Boy am I squirrely on that thing!  Apparently I don't ride in as straight of a line as I would have thought, hah. I spent about 15 minutes trying it out after setting it up last night. Luckily I have a small hallway that is not much wider than a standard door, so I was able set it up in there and keep from falling over.

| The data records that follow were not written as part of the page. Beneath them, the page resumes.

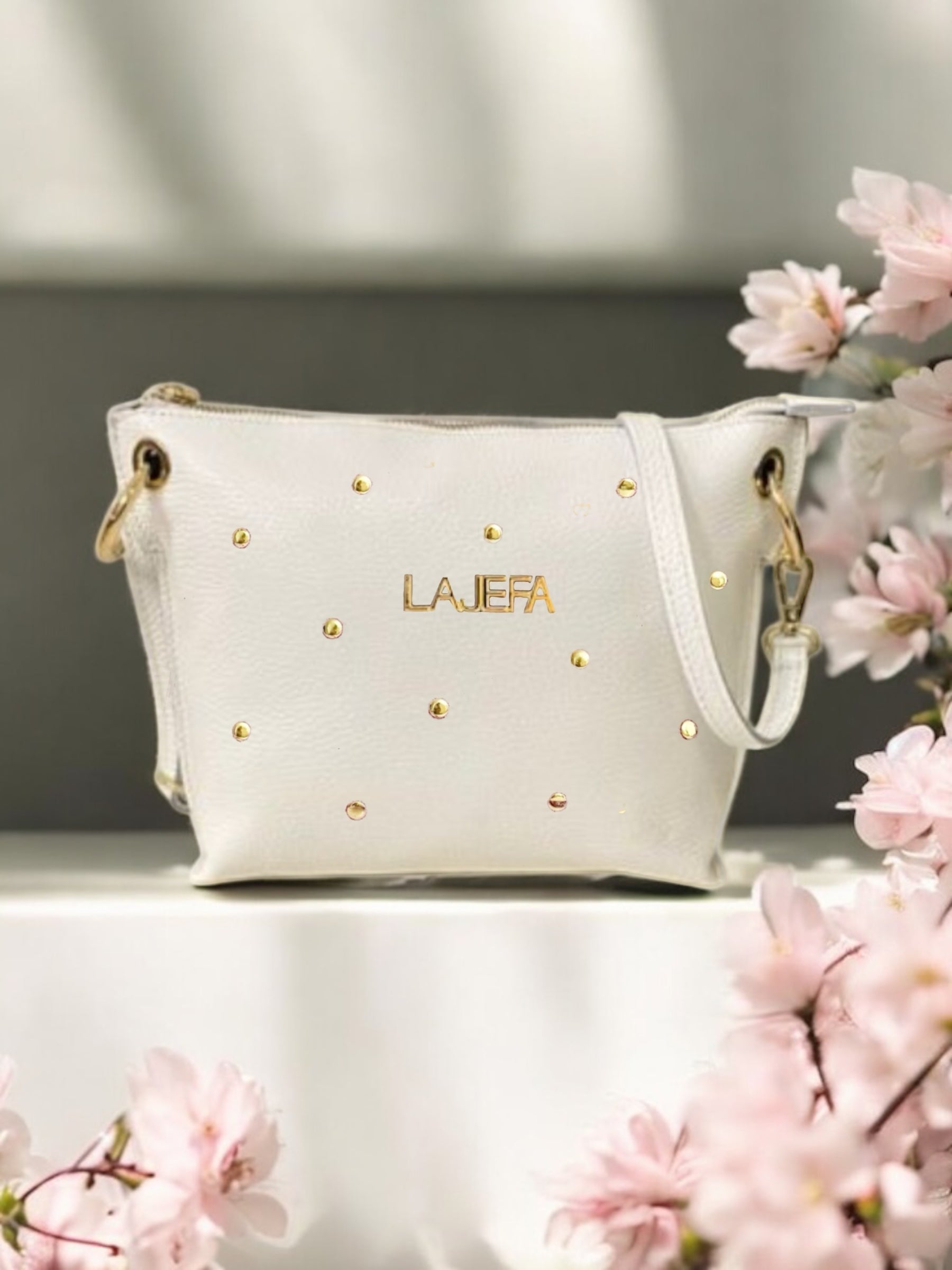 Mini Bolso Tachuelas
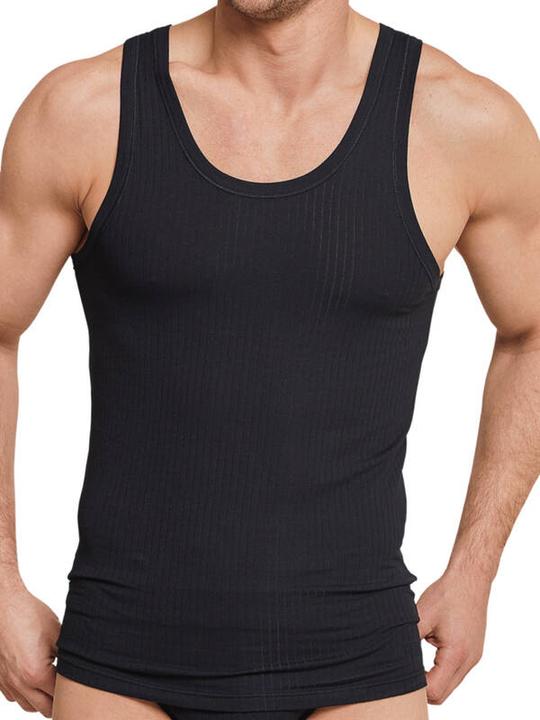 Image du produit Schiesser Pack de 2 AthleticShirts authentiques (4, S)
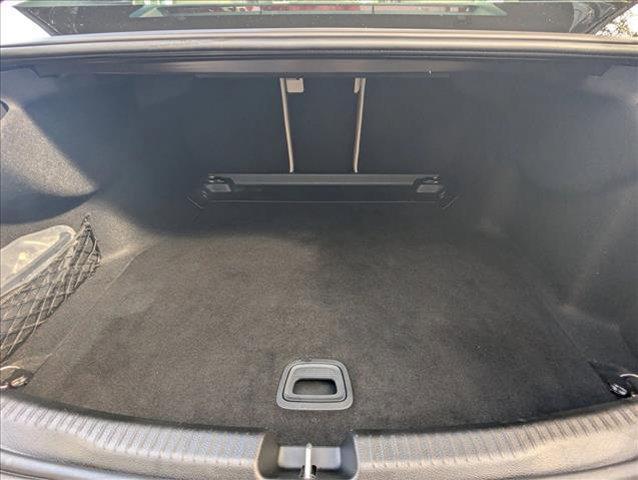 used 2025 Mercedes-Benz C-Class car, priced at $44,040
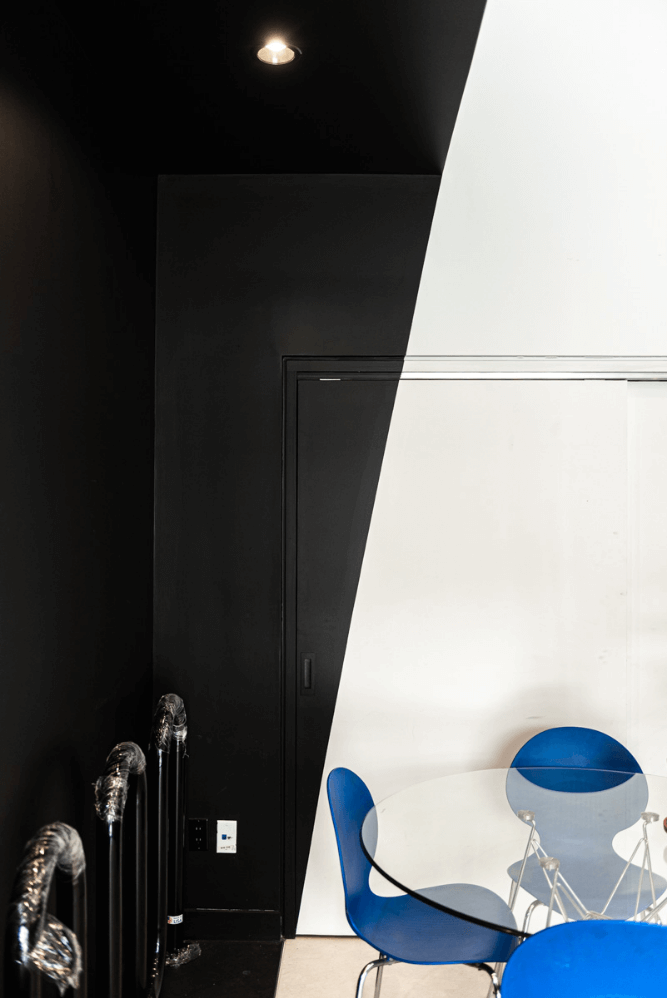 Affiche Belle mer West coast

For anyone who has used rollers, how long did it take you to feel comfortable on them and not worry about falling off? I think I'd be less concerned if I had carpet, my house is entirely hardwood, which I don't really feel like falling onto.


----------



## spade2you (May 12, 2009)

It took me about a week to be able to stay upright for an extended period of time and another week to feel "comfortable".


----------



## teapotter (Feb 1, 2007)

it's pretty quick. In less than a week I could no-hands for as long as I want. But I live on two wheels (ride a motorcycle in addition to cycling frequently)


----------



## sixate (Jul 6, 2009)

The key is go faster. If you're just cruising along with a slow cadence and speed it is more difficult. That faster you go the more stable you are. When I ride my rollers I get in my highest gears and spin fast for an hour (can't stand doing it much longer than that). I like to watch TV so I keep my head up. I found myself getting squirrely when I looked down.


----------



## mcsqueak (Apr 22, 2010)

Thanks everyone. Yeah, faster is key from what I have read. I can tell my pedal stroke is somewhat choppy at speed, so it'll be nice to smooth that out as well while at a high cadence.


----------



## atimido (Jun 17, 2009)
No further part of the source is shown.